## [What is required]
The lines from the one containing "Ktaxon Black Female" through the last one in the data: please copy those exactly, and only those, without the pictures.

(Crawled caption data)
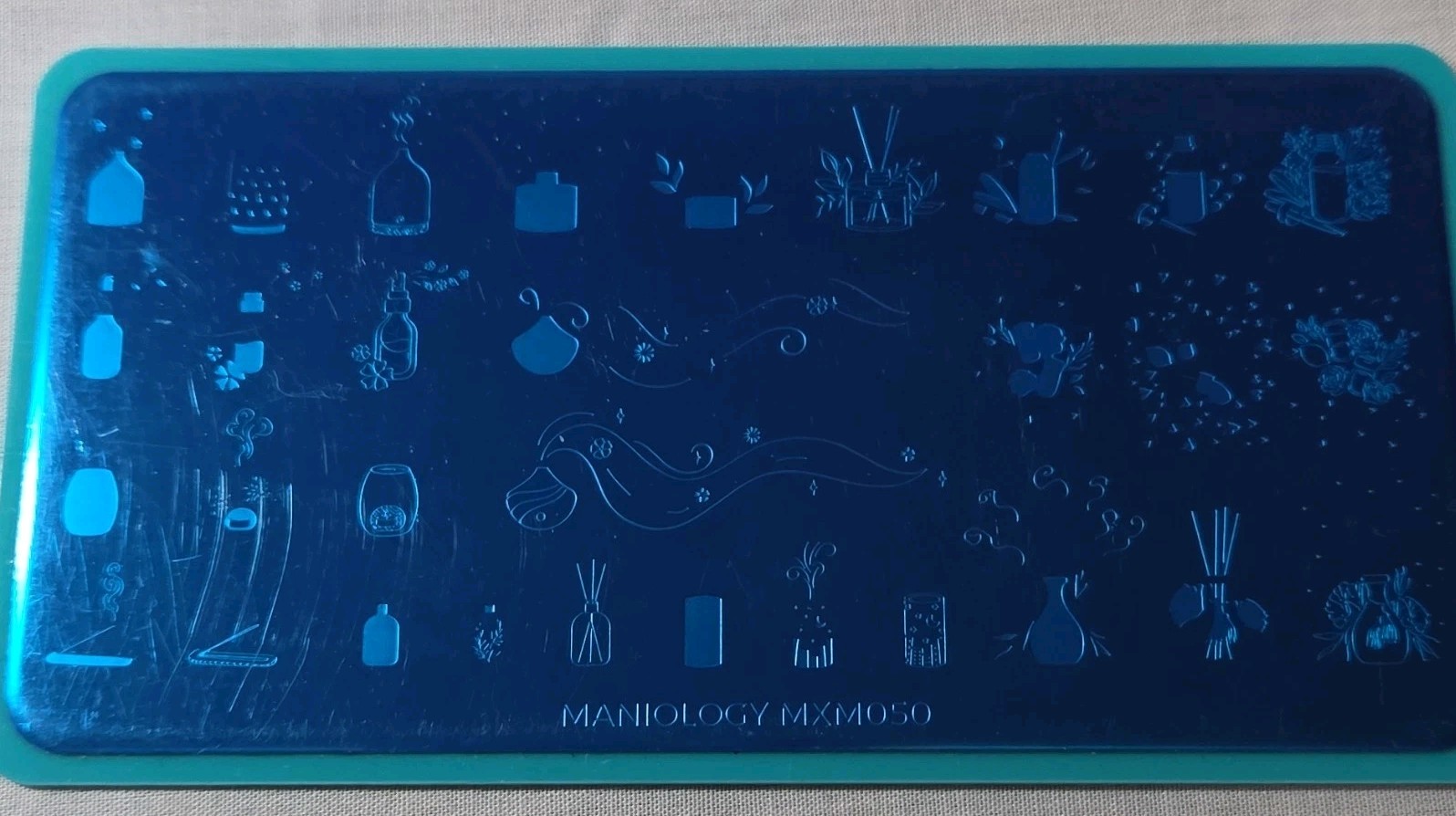 New Maniology Nail Art Stamping Plates Essential Oils Complete Set MXM049 MXM050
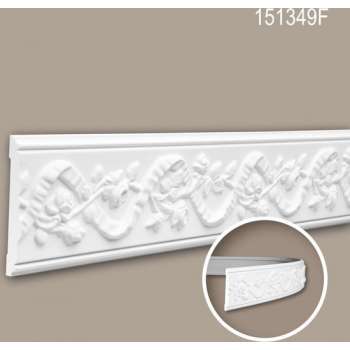 Wandlijst 151349F Profhome Lijstwerk flexibele lijst Sierlijst neo-renaissance stijl wit 2 m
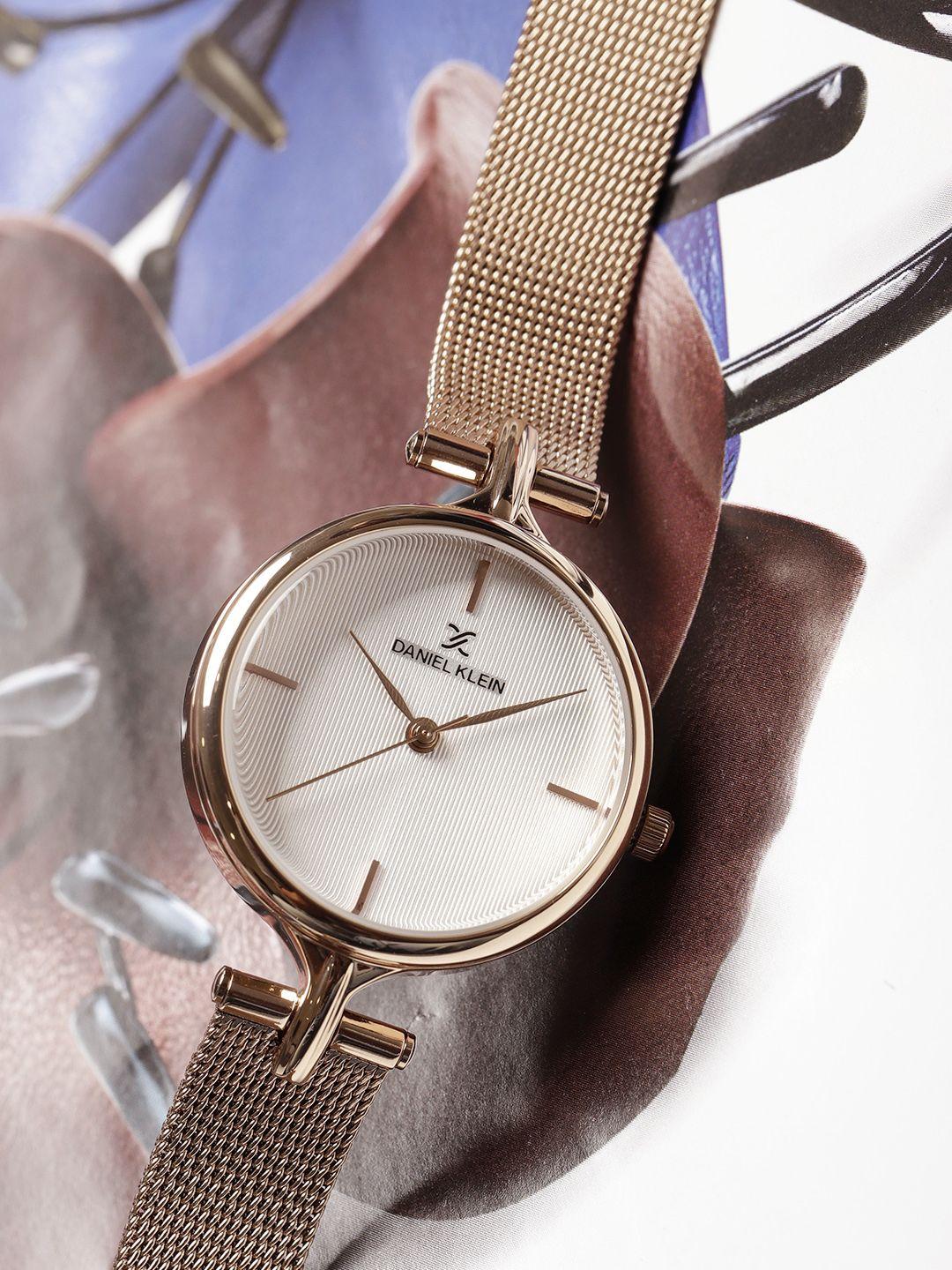 daniel klein premium women off-white analogue watch dk11914-5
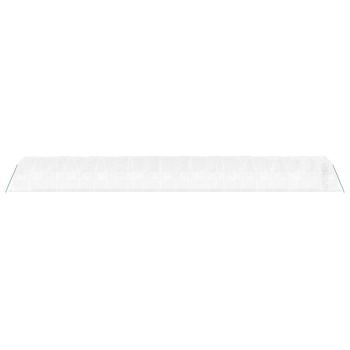 Gewächshaus mit Stahlrahmen Weiß 100 m² 20x5x2,3 m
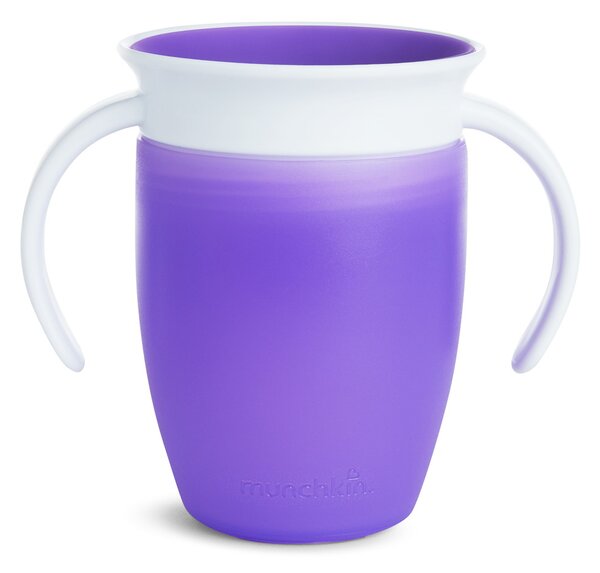 Ποτήρι Εκπαιδευτικό 207ml Munchkin Miracle 360 Purple
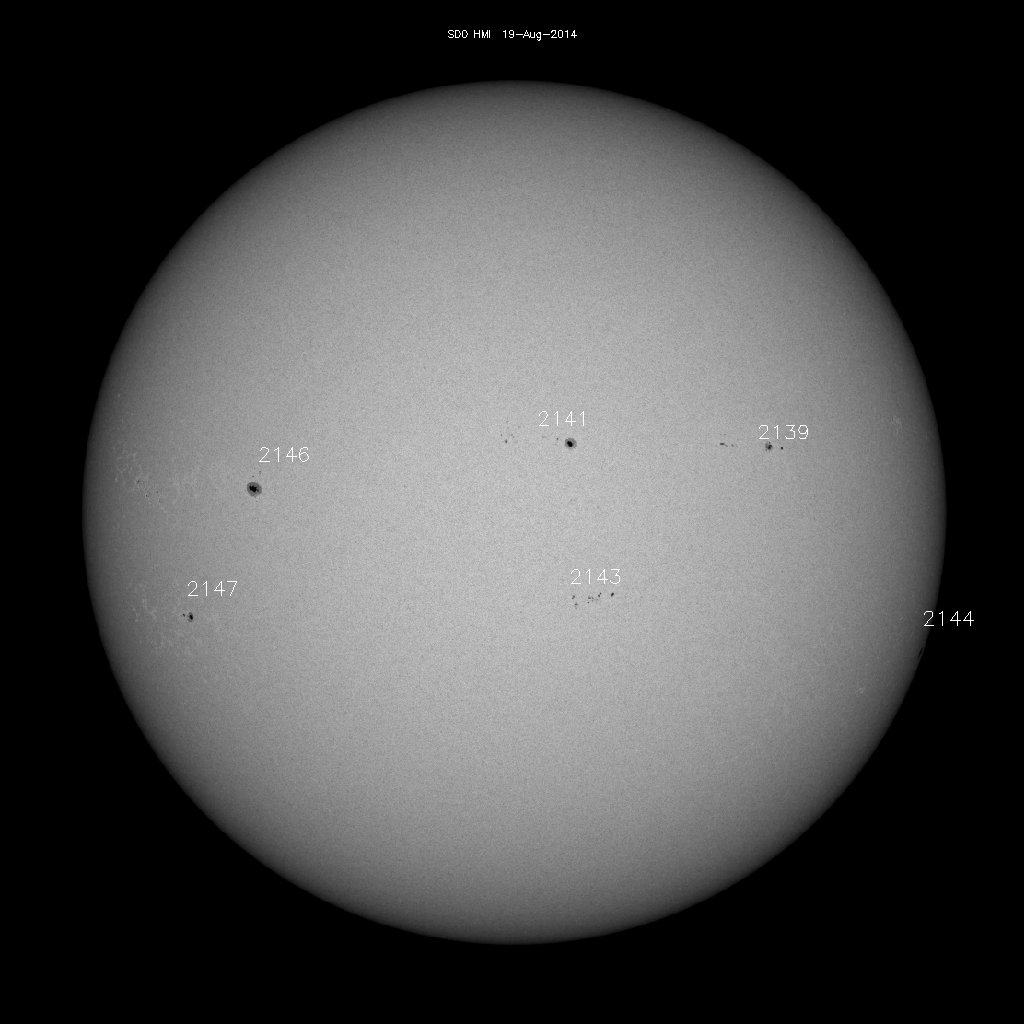 Sunspot regions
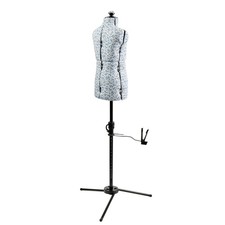 Ktaxon Black Female Mannequin Torso Dress Form Display W/ Black Tripod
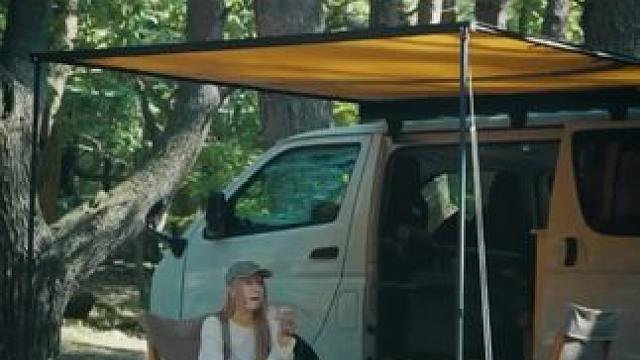 车边好乘凉 #露营报告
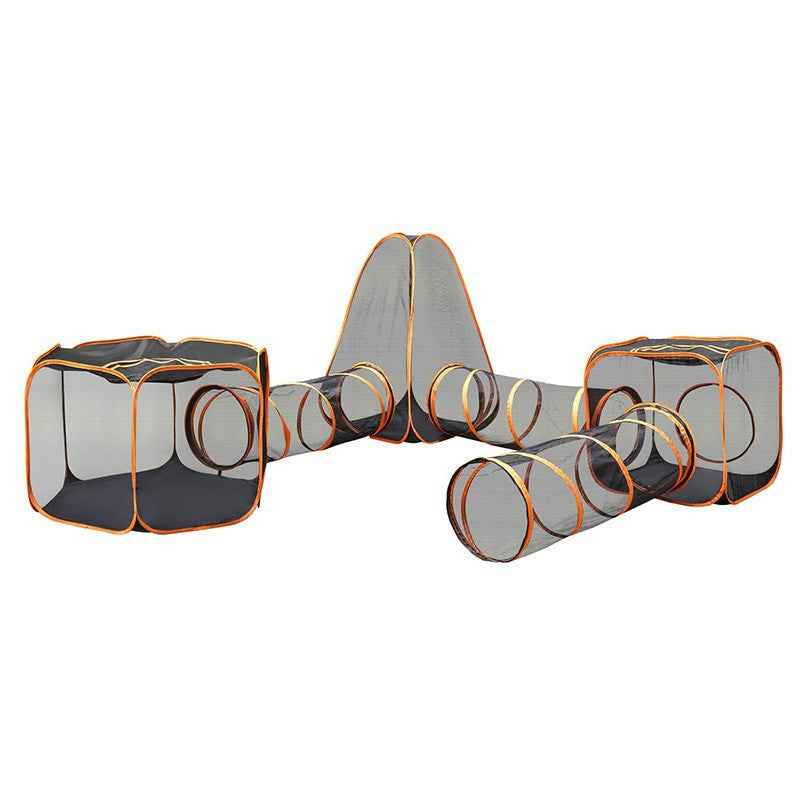 Pet Cage Cat and Dog Play Tunnel Tent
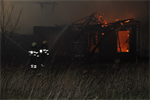 Prio 1 Brand Industrie Agrarisch Boerderij Burgumerdaam Burgum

## [Answer to this task]
 Ktaxon Black Female Mannequin Torso Dress Form Display W/ Black Tripod
 车边好乘凉 #露营报告
 Pet Cage Cat and Dog Play Tunnel Tent
 Prio 1 Brand Industrie Agrarisch Boerderij Burgumerdaam Burgum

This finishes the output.